Tuesday, 28 May 2013


I've spent a few days wondering what on earth there is to say about the horrible murder in Woolwich, and the ultimately pretty distasteful political wranglings that have followed it.  In a way, adding another voice to the cacophony isn't very helpful.

But what puzzled me most about the political reaction to the incident was why this counted as terrorism. On the one hand, why focus so much on this when homicide rates in London are high and stabbings all too common?  And on the other hand, why describe this as terrorism when the victim was a soldier (albeit off-duty)?  An article by Glenn Greenwald gave me some interesting answers to these questions, arguing that the problematic and actually very hypocritical designation of this killing as an act of terrorism is tempting for politicians because it packs such a 'political, cultural and emotional punch'.  And, of course, because the perpetrators are deemed to fail to abide by the rules of war (notably in targetting non-combatants), terrorists are answerable to the rules of ordinary criminal law, rather than the laws of wartime which permit killing.

This last point strikes me as perhaps the most revealing one here.  Law is very often a function of power.  What better way of asserting authority both practically and symbolically than through the exercise of law?  How law and power are intertwined is more complex however, but it strikes me that one of the most effective mechanisms for bringing this about, is to convince people that law and morality are the same thing.  They're not - of course - but conflating the two makes law an incredibly powerful (and reassuring) tool.  

William de Brailes, The Israelites Worship the Golden Calf and Moses Breaks the Tablets (Exodus 32:1-19), Walters Art Museum, W.106.13R

In the later Middle Ages, this elision of law and morality was certainly one which kings, as lawgivers, attempted to make.  But it was harder to convince people, because there were so many different kinds of law - in England for example, there was common law, customary laws, ecclesiastical law, forest law, maritime law, the laws of war, and so on.  Which set of legal rules applied depended on place, context, and who was involved.  Faced with such a diverse set of laws to choose from, in many ways it was far more obvious that law was a changing and historically contingent thing, far removed from what was supposed to be the more constant nature of morality.  Lawgivers couldn't pretend to exercise the same moral hegemony and control.
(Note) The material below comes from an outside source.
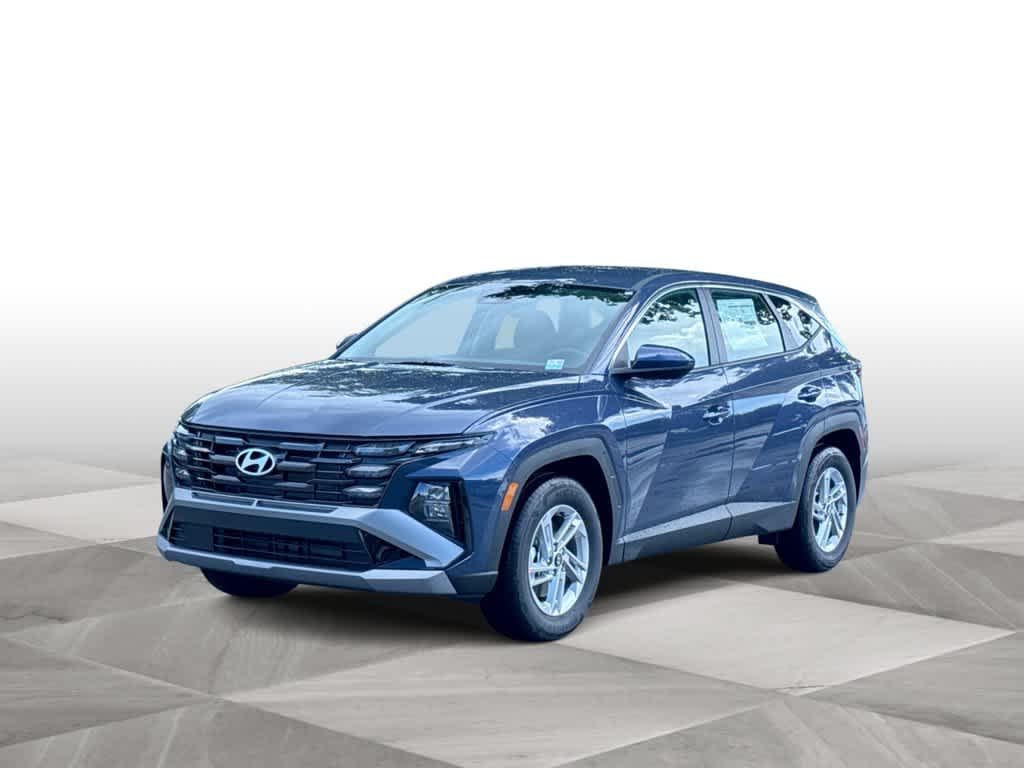 New 2026 Atlantis Blue Hyundai SE FWD image 4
My point is that nowadays, it is less obvious that there are lots of types of law.  And therefore, we are all the more ready to accept the conflation of law and morality uncritically, without thinking about the political drive of much of the use of law.  But this is delusional - there are still different types of law - and these are manipulated in order to shape our reactions to particular acts and to help us to brush others under the carpet.  So, on the one hand, political discourse is anxious to convince us that law and morality are the same and that our reactions are not just legal but righteous.  And on the other hand, that same discourse uses the diversity of types of law (here criminal law and laws of wars) to choose which morality should apply to particular cases.  There is a gap in our thinking, and thinking critically about it might help underline some of our double standards.

On the laws of war in the Middle Ages, see the seminal book by Maurice Keen.

Postscript: interestingly, Michael Adebowale has been charged with murder rather than terrorism offences after all (30th May).  In terms of rejecting the horrific violence he carried out, this strikes me as a far more effective response than acknowledging that he has some kind of political platform by categorising him as a terrorist.